Elliot executes his argument with decisiveness and poise, but also evident moral and spiritual concern. The work embodies the convictions it articulates: confidence in the face of despair, solicitude rather than presumption, and a genuine commitment to our earthly identities. This last point gives the book an unmistakably English character. It is filled with references to the likes of Blake, Shakespeare, and Orwell, and prefaced by a quotation from Bede. Elliot, who is Canadian with English ancestry and was living in the UK while working on the book, dedicates it to England. Although this aspect may at times tip towards a certain sort of prejudice—many of the book’s villains seem to come from North America—on the whole, it gives the book a rich, anchored texture. It exemplifies Elliot’s conviction that Christian theology demands a recognition of ‘full embodiment and consequent entanglement in the social world’ (p. 180).
In broad terms, the book moves from an argument for and description of Aquinas’s understanding of hope to an exploration of its value and significance for moral life. A tidy introduction summarises the purposes and shape of the book, before the first chapter explores what Elliot calls ‘The Eudaimonia Gap’. By this Elliot means the way in which our desire for happiness outstrips the possibilities for happiness available to us in this life. Elliot argues that such a gap is attested across a range of philosophical perspectives. In Aristotle’s thought, and in that of neo-Aristotelians such as Philippa Foot and Rosalind Hursthouse, we see a more-or-less troubled awareness of the problem. Similarly, Kant, and utilitarian philosophers such as Sidgwick and Mill also struggle with ‘something like the eudaimonia gap’ (p. 37). These philosophical discussions reveal, not a minor, ignorable problem, but a ‘massively burdensome crisis’ (p. 40). They project us into the orbit of theology, and of hope, for the philosophers are, ‘self-consciously nibbling around the edges of a theological virtue they keep in soft focus’ (p. 43). They indicate that theological hope, if justified, would indeed be good news.

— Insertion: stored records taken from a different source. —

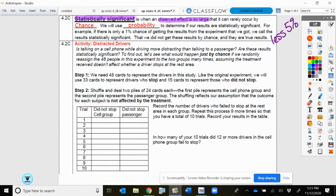Our activity is going to look at a study — could this have happened by chance? We're going to do a little experiment of what does it look like if our treatment really didn't matter. We're looking at what's more distracting: talking on a cell phone while driving, or talking to a passenger. They did a study and found that 15 people who were driving did not stop at a certain rest stop.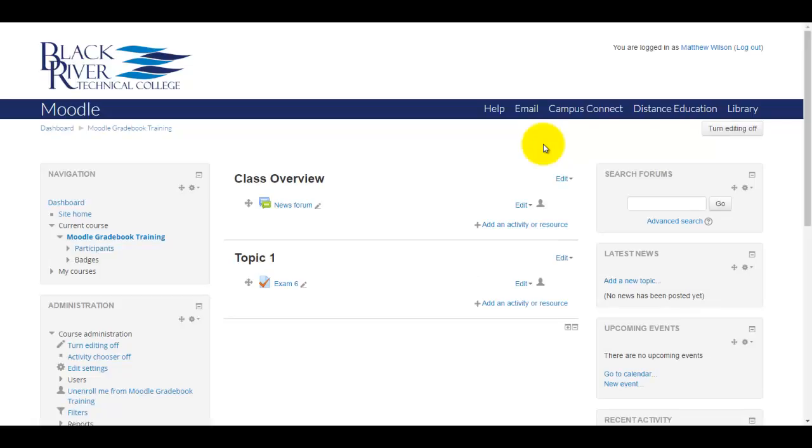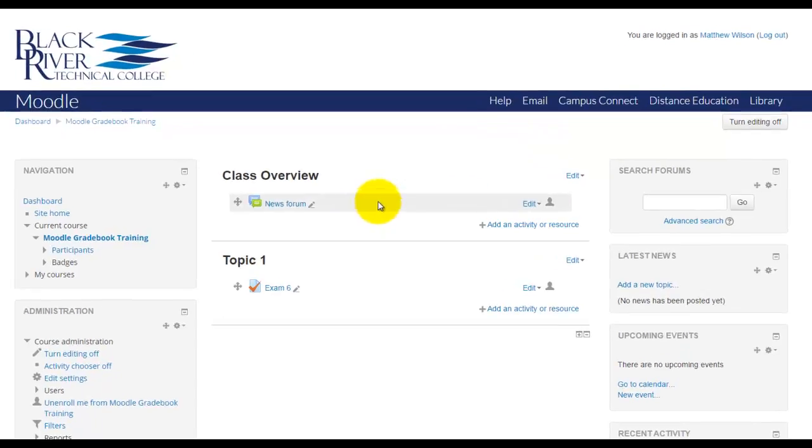In this video, I'm going to show you how to use the offset feature to add points to a student's quiz. Say you wanted to curve a quiz, or if you had a bad question and you want to give them partial credit or full credit for that particular question, you can use the offset feature within Moodle to accomplish this.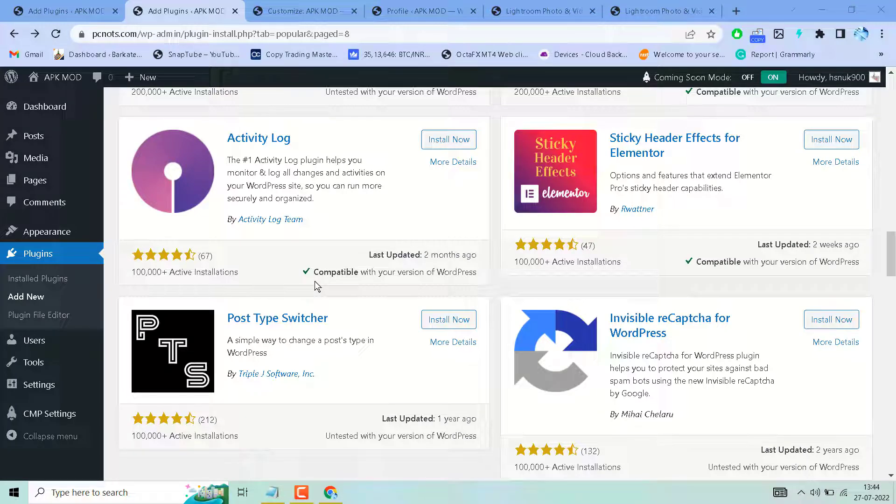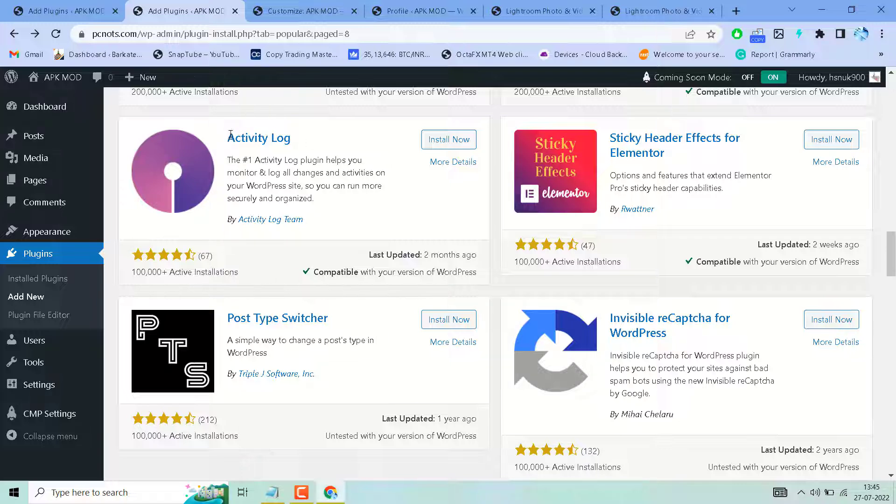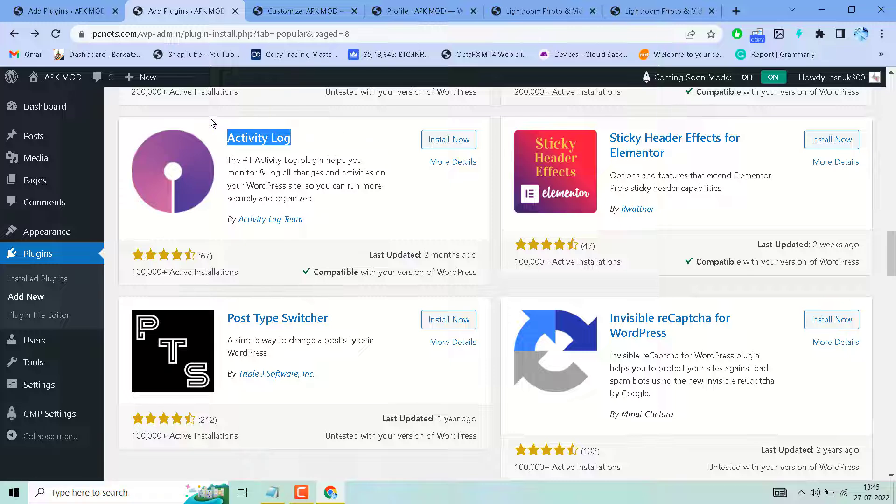Hello friends, in this video I will show you how to monitor and log all changes and activities on your WordPress website. A very famous plugin is Activity Log. Search and install this plugin and complete the required process.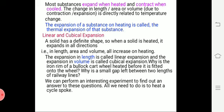So in the next class, we will see expansion in solids in the next session.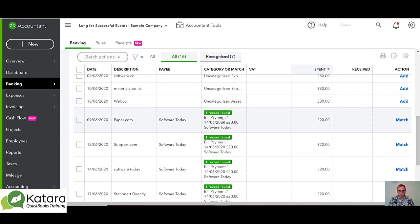If we run down, we've got an option here to match to a bill payment. In addition to matching to bills in the system, QuickBooks will look for amounts that match to bill payments — payments that you've told the system have been paid. In this particular instance, it's found 20 pounds coming out of the bank and a bill payment that hasn't been reconciled, so it knows it's an outstanding amount not reconciled through the bank.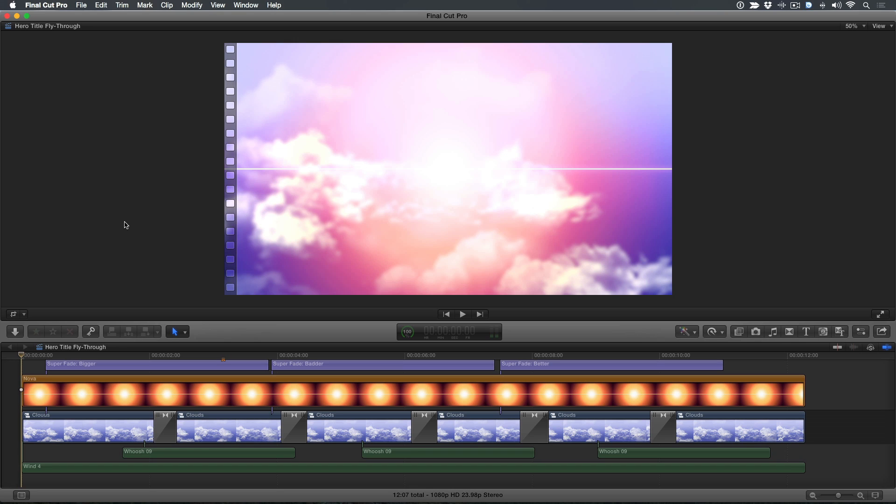Welcome to Final Cut Pro X in under 5 minutes. I'm Steve from RippleTraining.com. This week, I want to show you how you can build a network quality 3D title open using just the tools and media content within Final Cut Pro X. Let me play you the finished title opening.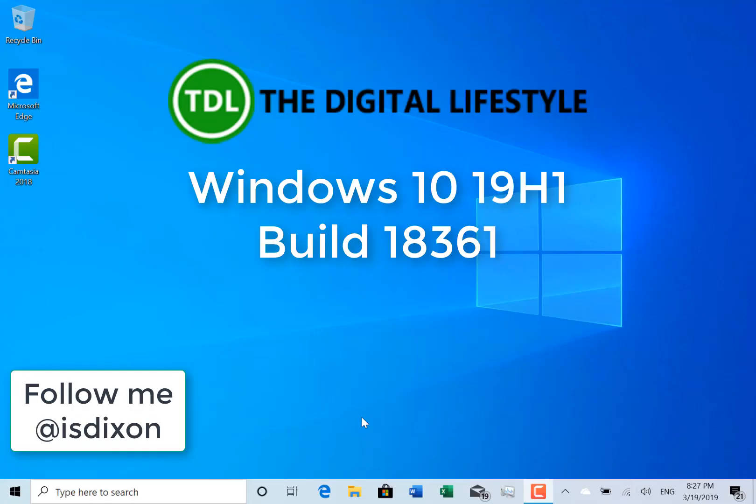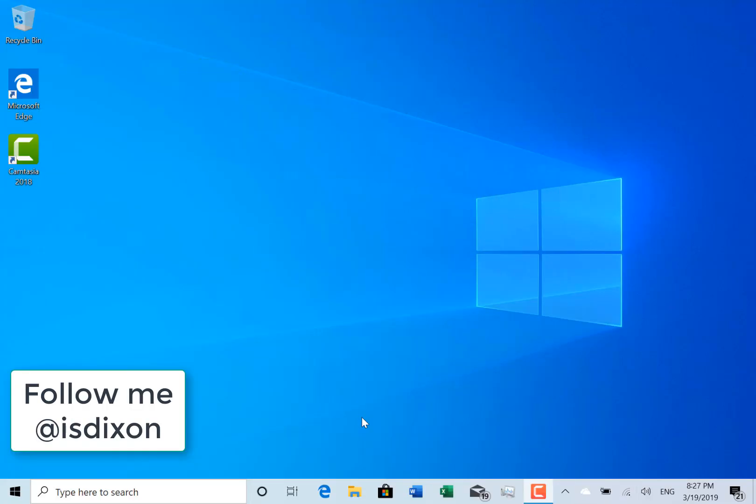Welcome to a video from thedigitalives.com. New Windows 10 build to look at. This is build 18361 for Windows insiders on the fast ring, and this is a 19h1 build.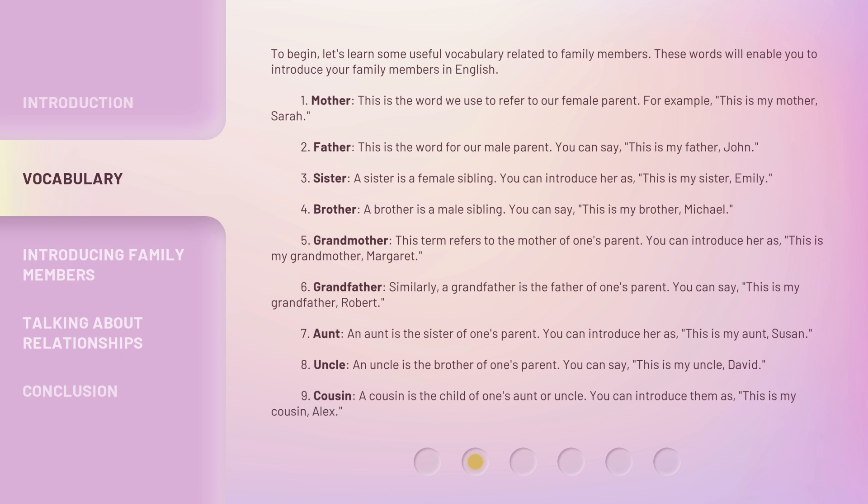3. Sister. A sister is a female sibling. You can introduce her as, this is my sister, Emily. 4. Brother. A brother is a male sibling. You can say, this is my brother, Michael.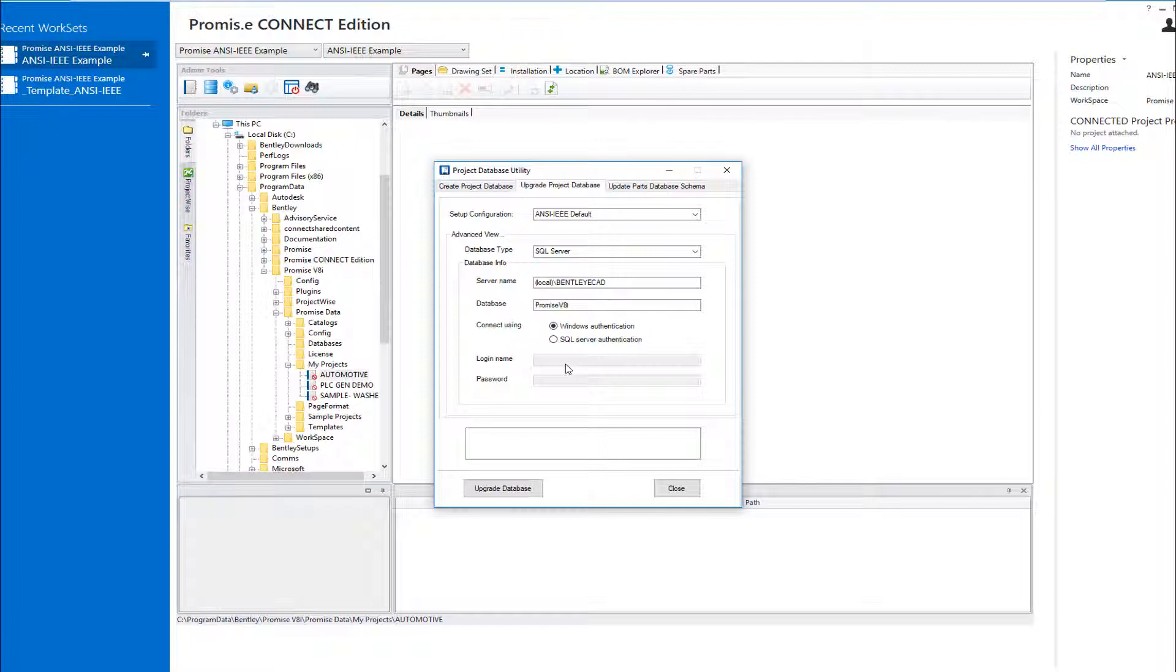An administrator can make use of the project database utility to upgrade your V8i project database schema to the Connect Edition.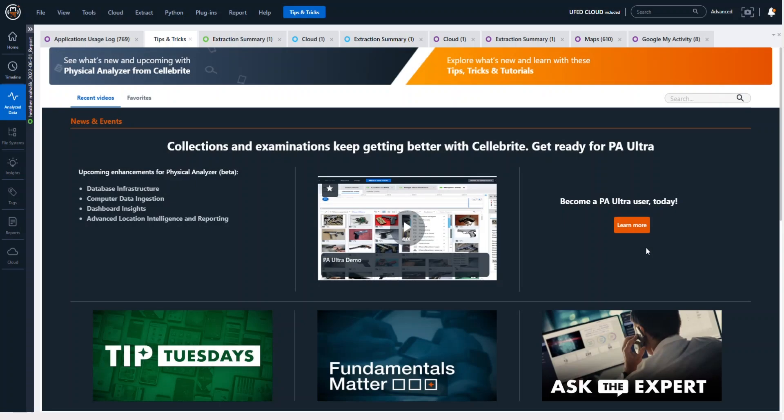Hi everyone, Heather Mihalik here with another Tip Tuesday. This week I want to take the time to show you the new tips and tricks pane that you're going to see when you update Physical Analyzer. Our marketing team and product team has put a lot of effort into this and we hope it helps you.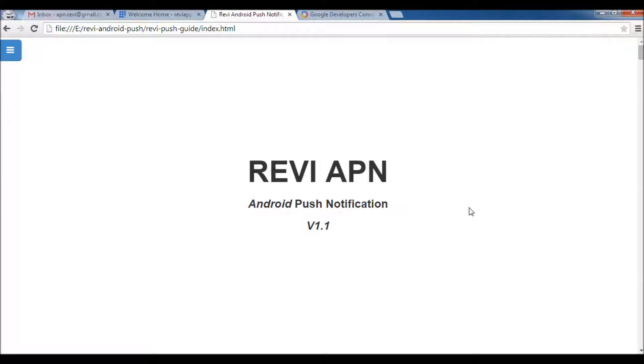Hello everyone, this is a tutorial for how to install and use Review Push notification project. As you probably read in the project description, this project helps you to add push notification support to your Android applications without writing any backend or server-side code.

Chapter 2 outlines Aquinas’s understanding of hope as a theological virtue. This is prefaced by a discussion of Moltmann’s theology of hope. The way is open to a return to Aquinas’s thought about hope, because, as Elliot says earlier, Moltmann’s theology ‘is implicated in a lot of Hegelian and Marxist baggage that has dated rather badly’ (p. 6). The description of Aquinas’s account of hope begins from his understanding of grace, which in Elliot’s view allows Aquinas to maintain the goodness of nature without either falling into Pelagianism or undermining moral responsibility. All hope, for Aquinas, aims at ‘a future good possible but arduous to attain’ (p. 62; Summa Theologiae II-II 17.1); theological hope locates this future good as the perfect happiness that is the enjoyment of God. Hope is a virtue of the will, a ‘needy love’ that relies on God’s help to ‘complete the journey’ (p. 63). Though having a social dimension, hope is unashamedly self-referential: it seeks God as one’s own good. Elliot carefully notes Aquinas’s account of hope’s ‘moral entourage’: the vices of despair and presumption, the gift of fear, and the beatitude of poverty of spirit. These are important resources in later chapters. The final part of the chapter begins to face some of the main lines of critique the book aims to overcome. Elliot glances first at suspicions of hope’s self-regard in French Quietism, before considering at more length Timothy Jackson’s critique of theological hope in Love Disconsoled: Meditations on Christian Charity (Cambridge University Press, 1999). Jackson, Elliot thinks, makes a strong case against hope for future beatitude on the grounds of its effect on love in the present. But his characterisation of hope does not do justice to the ‘rich, interpersonal character of Christian eschatology’ (p. 78). In fact, Elliot argues, hope assists love, through the promise that charity will finally transcend the eudaimonia gap.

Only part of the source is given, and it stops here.